[Your instructions] Check every line of the data for the word "para", and copy those that have it.

Dataset items:
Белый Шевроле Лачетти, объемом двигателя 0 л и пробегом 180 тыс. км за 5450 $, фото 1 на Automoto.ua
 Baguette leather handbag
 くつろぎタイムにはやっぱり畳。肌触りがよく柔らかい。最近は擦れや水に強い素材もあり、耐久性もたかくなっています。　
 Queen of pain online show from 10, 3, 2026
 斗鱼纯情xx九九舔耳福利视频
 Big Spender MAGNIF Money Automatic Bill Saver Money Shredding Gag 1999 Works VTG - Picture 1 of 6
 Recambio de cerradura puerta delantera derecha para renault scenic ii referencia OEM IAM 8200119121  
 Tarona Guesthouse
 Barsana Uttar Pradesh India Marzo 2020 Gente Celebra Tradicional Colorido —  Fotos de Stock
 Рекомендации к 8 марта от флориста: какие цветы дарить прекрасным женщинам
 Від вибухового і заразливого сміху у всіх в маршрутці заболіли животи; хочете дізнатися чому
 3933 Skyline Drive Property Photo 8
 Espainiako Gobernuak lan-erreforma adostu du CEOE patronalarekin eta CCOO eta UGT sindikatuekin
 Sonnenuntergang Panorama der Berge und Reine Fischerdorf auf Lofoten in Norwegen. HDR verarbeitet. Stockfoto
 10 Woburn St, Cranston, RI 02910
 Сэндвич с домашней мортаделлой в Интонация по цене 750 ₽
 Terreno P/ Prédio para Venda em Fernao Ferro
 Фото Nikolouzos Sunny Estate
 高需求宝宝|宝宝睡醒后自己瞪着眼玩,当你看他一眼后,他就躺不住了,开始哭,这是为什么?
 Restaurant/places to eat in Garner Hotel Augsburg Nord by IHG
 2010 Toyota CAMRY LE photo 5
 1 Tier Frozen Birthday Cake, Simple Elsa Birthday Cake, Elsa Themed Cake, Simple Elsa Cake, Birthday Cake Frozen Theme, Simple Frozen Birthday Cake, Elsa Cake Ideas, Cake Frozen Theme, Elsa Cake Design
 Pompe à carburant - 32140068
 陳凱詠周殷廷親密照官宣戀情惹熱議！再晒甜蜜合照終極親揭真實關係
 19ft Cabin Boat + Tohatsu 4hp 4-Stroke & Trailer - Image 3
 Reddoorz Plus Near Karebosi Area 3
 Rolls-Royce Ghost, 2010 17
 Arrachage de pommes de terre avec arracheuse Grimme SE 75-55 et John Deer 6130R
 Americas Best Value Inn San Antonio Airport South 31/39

[Reply to the task]
 Recambio de cerradura puerta delantera derecha para renault scenic ii referencia OEM IAM 8200119121  
 Terreno P/ Prédio para Venda em Fernao Ferro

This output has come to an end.